- Born: 1942 (age 83–84)
- Education: University of Minnesota
- Occupation: Art museum director
- Years active: 1980–2013
- Employers: Museum of Contemporary Art, Los Angeles (MOCA); ArtCenter College of Design; Hirshhorn Museum and Sculpture Garden;
- Known for: Art museum leadership, architectural commissions

= Richard Koshalek =

Richard Koshalek is an American art museum director, having been the director of the Hirhshorn Museum and Sculpture Garden and the Museum of Contemporary Art, Los Angeles.

==Early life==
He was born in 1942 and earned a bachelor's degree in architecture in 1965 and a master's degree in art history in 1968 from the University of Minnesota

==Career==
He served as director of The Museum of Contemporary Art, Los Angeles from 1980 to 2007. He was also president of Art Center College of Design in Pasadena, California, from 1999 until January 2009. At both institutions, he was noted for his commitment to new artistic initiatives, including commissioned works, scholarly exhibitions and publications, and the building of new facilities that garnered architectural acclaim. He worked with architect Frank Gehry on the design and construction of MOCA's Geffen Contemporary (1983), a renovated warehouse popularly known as the Temporary Contemporary. He also worked with the Japanese architect Arata Isozaki on the museum's permanent home in Los Angeles (1986). Koshalek then became the director of the Hirshorn and resigned in 2013 after the Bloomberg Bubble controversy.

===Bloomberg Bubble===
In 2009, Koshalek announced that an inflatable structure would be erected over the Hirshhorn's central plaza to create a new public space. The Seasonal Inflatable Structure, to be called the "Bloomberg Bubble," was due to be erected in 2013 and would be inflated annually for one two-month period. It was supposed to create a 14,000-square-foot space for performance and lectures. Designed by Diller Scofidio + Renfro, the proposal won a progressive architecture award from Architect magazine.

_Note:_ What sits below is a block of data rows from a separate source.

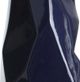 Uttermost® Kavos Navy Blue Table Lamp-4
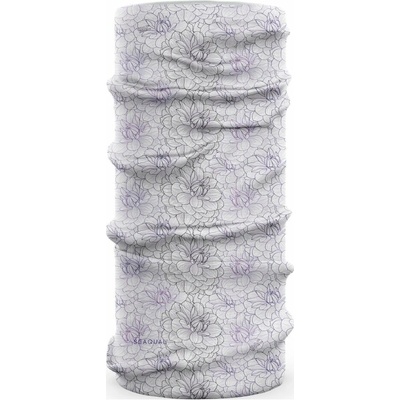 P.A.C. Ocean Upcycling Lilac Bloom
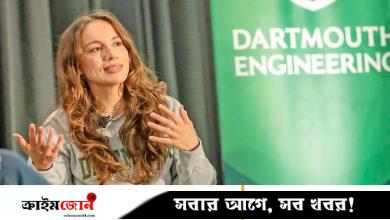 মেটার ১ বিলিয়ন ডলারের প্রস্তাব প্রত্যাখ্যান মিরার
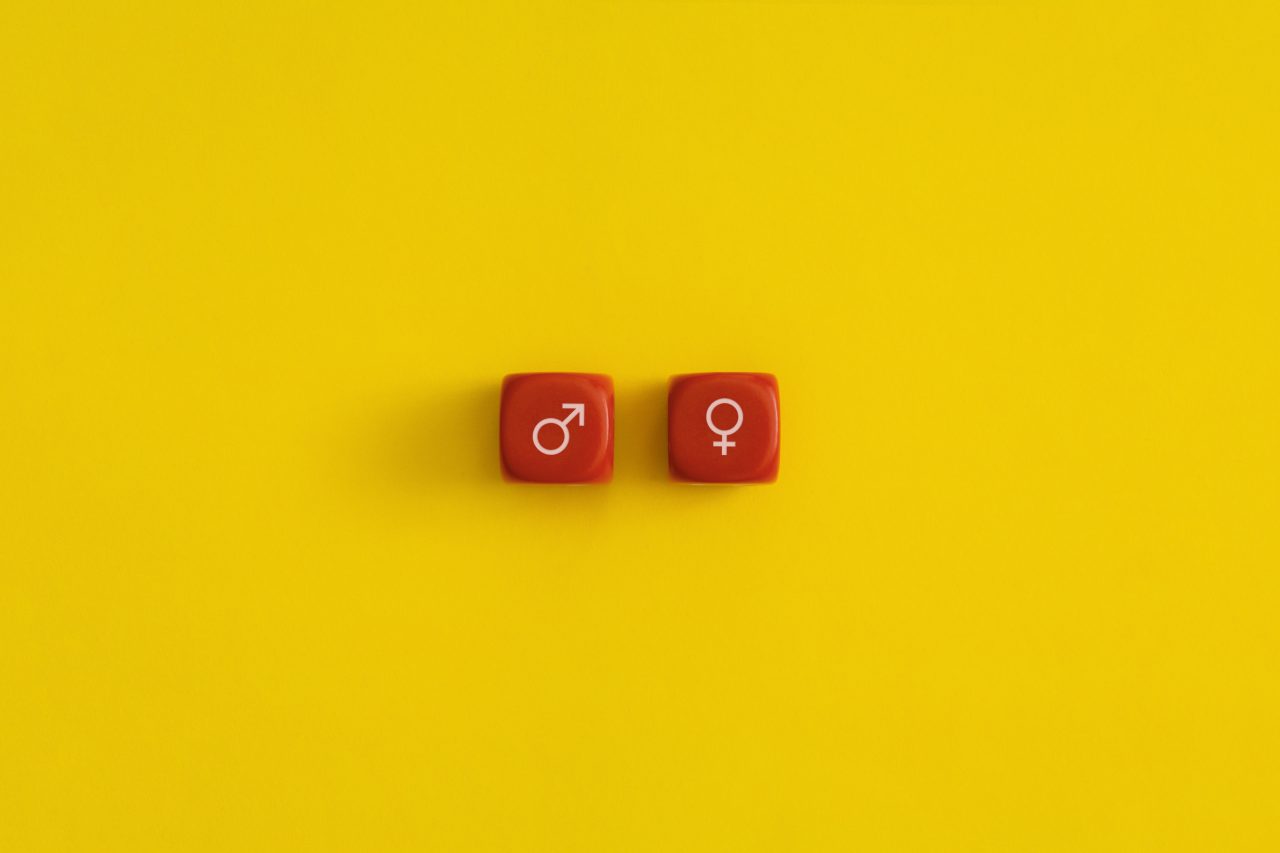 male-and-female-gender-icons-on-a-red-cubes-2022-01-12-22-29-17-utc-1280x853.jpg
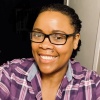 Nicole Celestine Photo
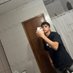 Ortelli (@santiortelli1) Twitter profile photo Ortelli (@santiortelli1) Twitter profile photo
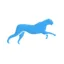 zeistspeelgoed.nl favicon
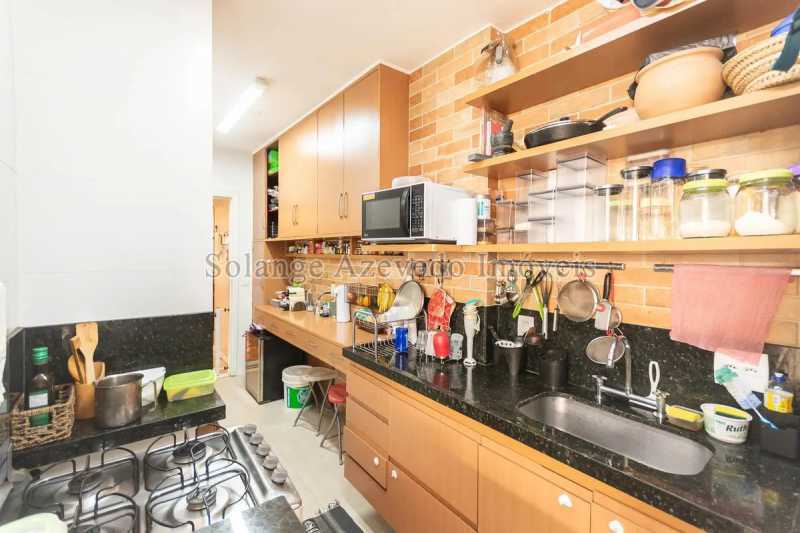 Apartamento, 3 quartos, 93 m² - Foto 16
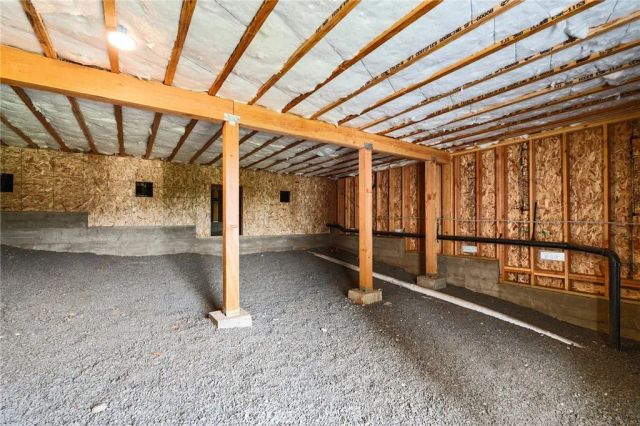 260 Pinewood Drive, Paradise, CA 95969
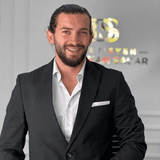 Doğukan Saçar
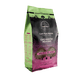 thumbnail image 1 of Café Molido con Melena de León | Kalakapala | 400 g | adaptógeno, 1 of 5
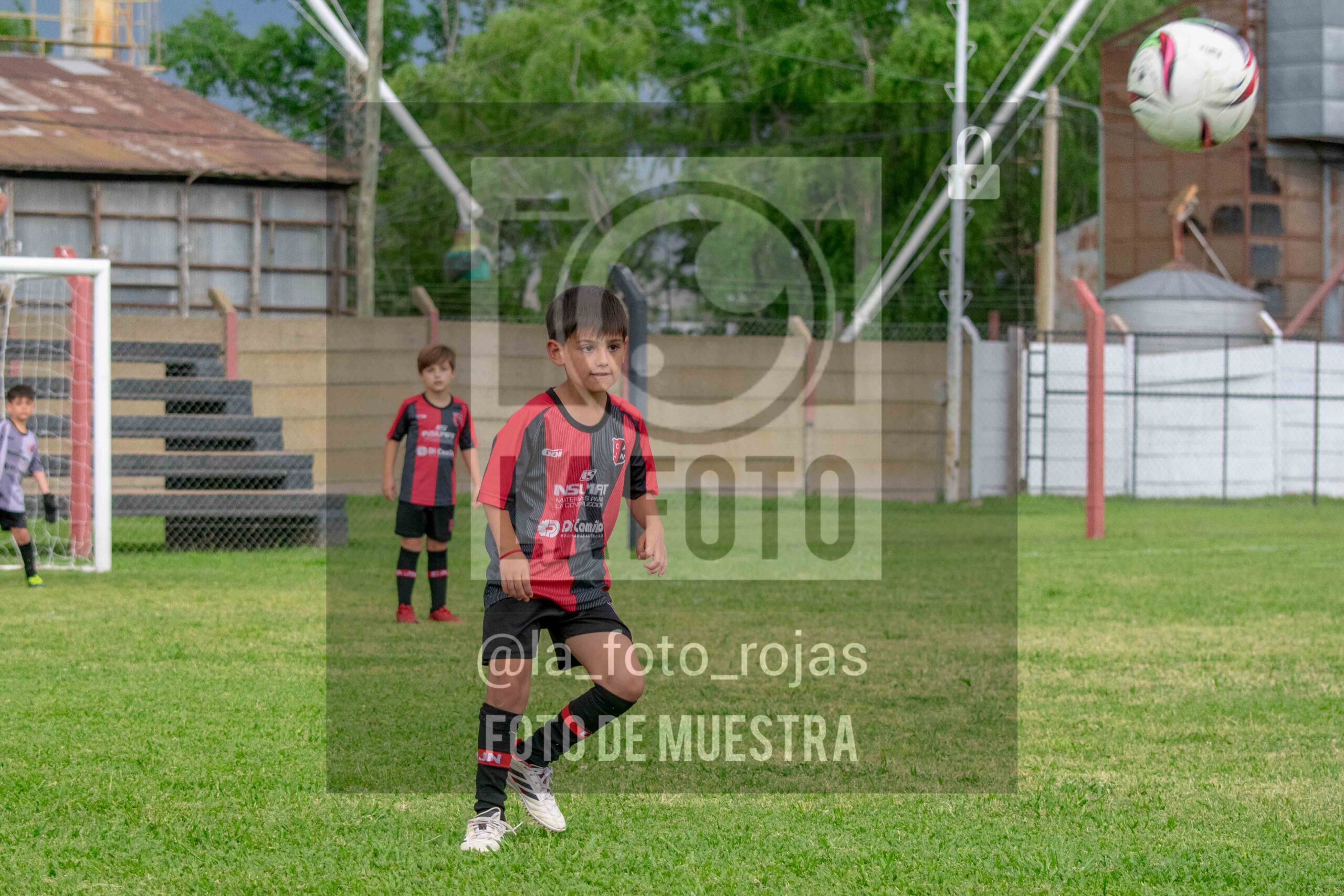 Fotografía 2017-NEW-JUVE-77-scaled de NEWBERY - JUVENTUD / 2017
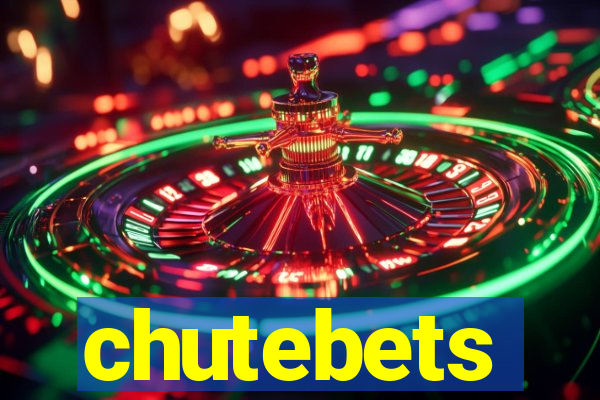 chutebets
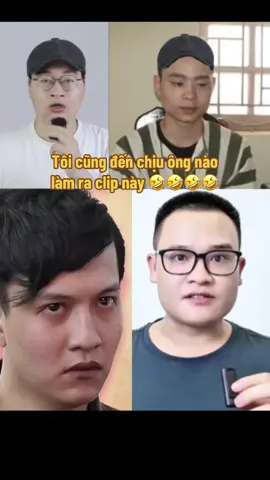#xuhuong #xuhuongtiktok #xybca #xh  ngũ aka xuân tuấn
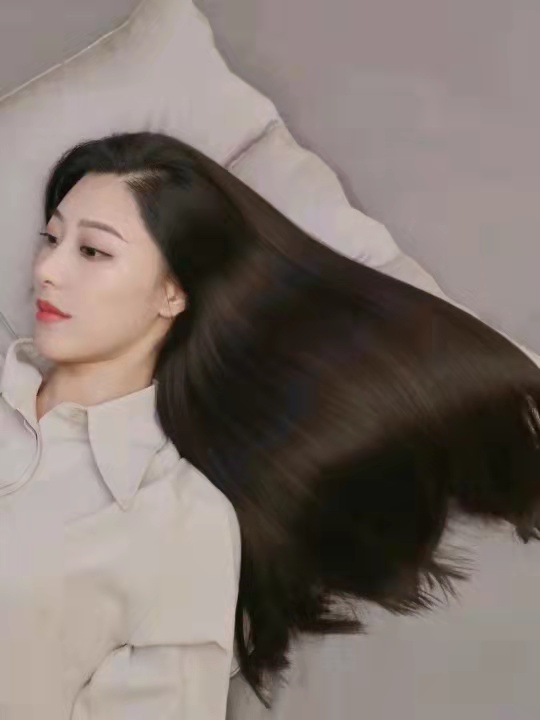 洗发水红榜推荐控油蓬松欧莱雅,洗发水红榜控油滋润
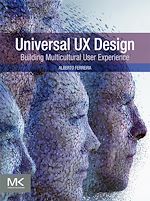 Télécharger le livre :  Universal UX Design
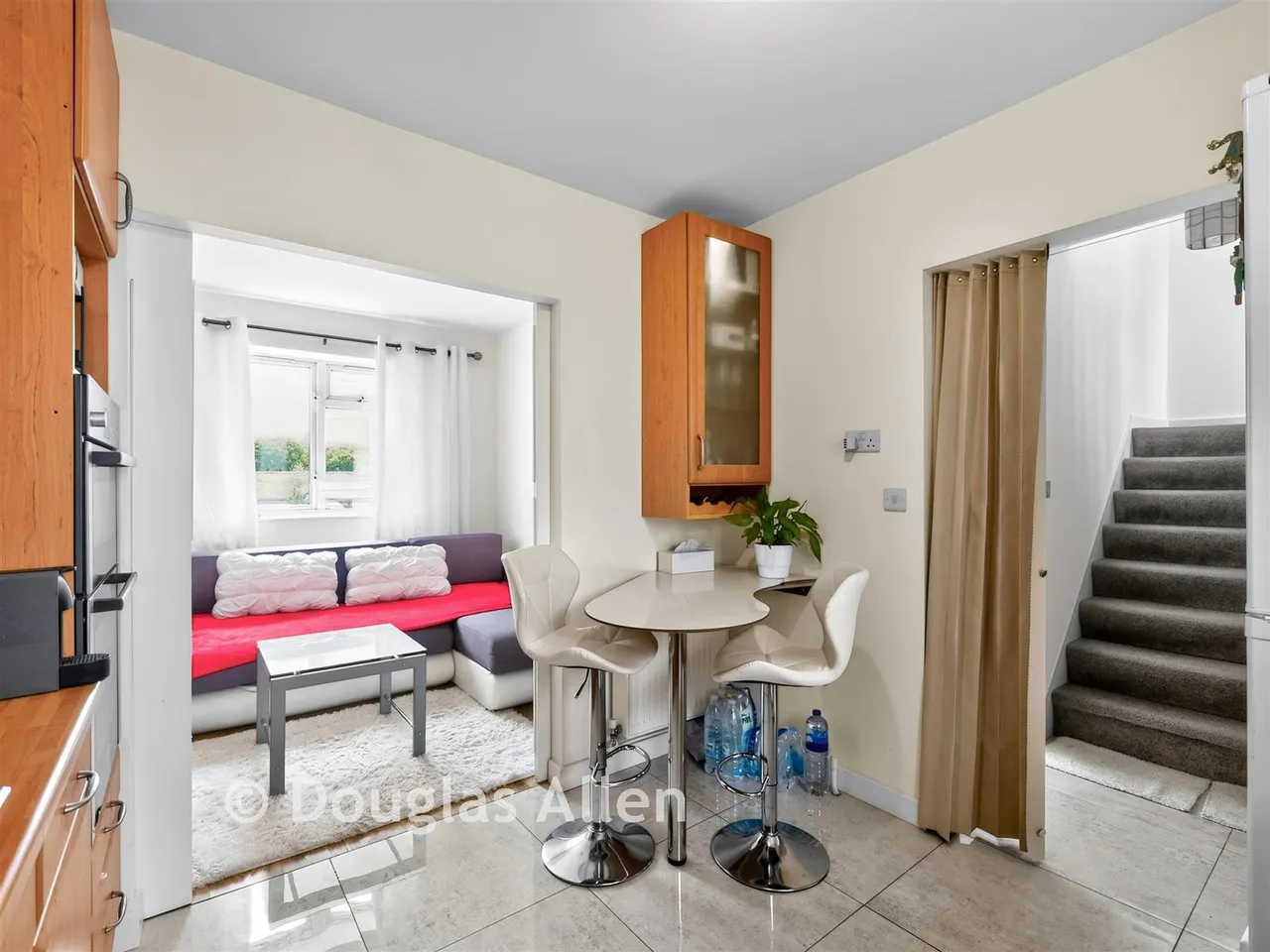 Bastable Avenue, Barking, IG11, photo 7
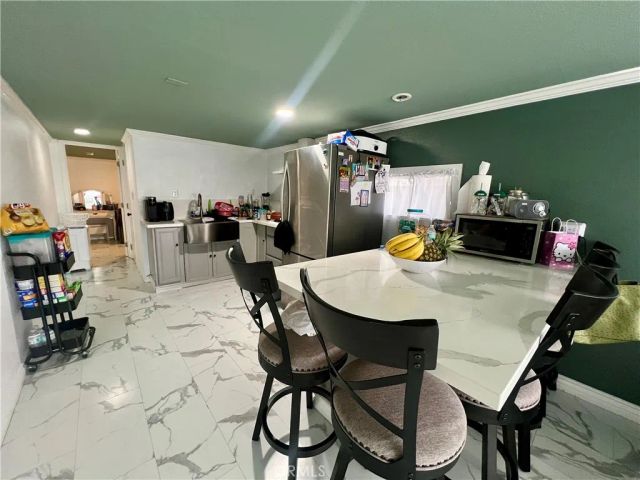 4849 Peck 48, El Monte, CA 91732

Hirshhorn officials began reconsidering the Bubble in 2013. Construction cost estimates for the structure more than tripled to $15.5 million from $5 million, and no major gifts for the project were received between 2010 and May 2013. A Hirshhorn study also concluded that the cost of programming (such as symposia and special events) using the Bubble were likely to run a $2.8 million annual deficit. The Hirshhorn's board of directors evenly split on a vote to proceed with the project in May 2013. In the wake of the vote, seen as a referendum on his leadership, museum director Richard Koshalek announced he would resign by the end of 2013. Constance Caplan, chair of the museum's board of trustees, resigned on July 8, 2013. She cited what the Washington Post characterized as "a board, a museum and the larger Smithsonian Institution at a crossroads, roiled by a lack of transparency, trust, vision and good faith". Four of the board's 15 members resigned between June 2012 and April 2013, and three more (including Caplan) in May, June and July 2013.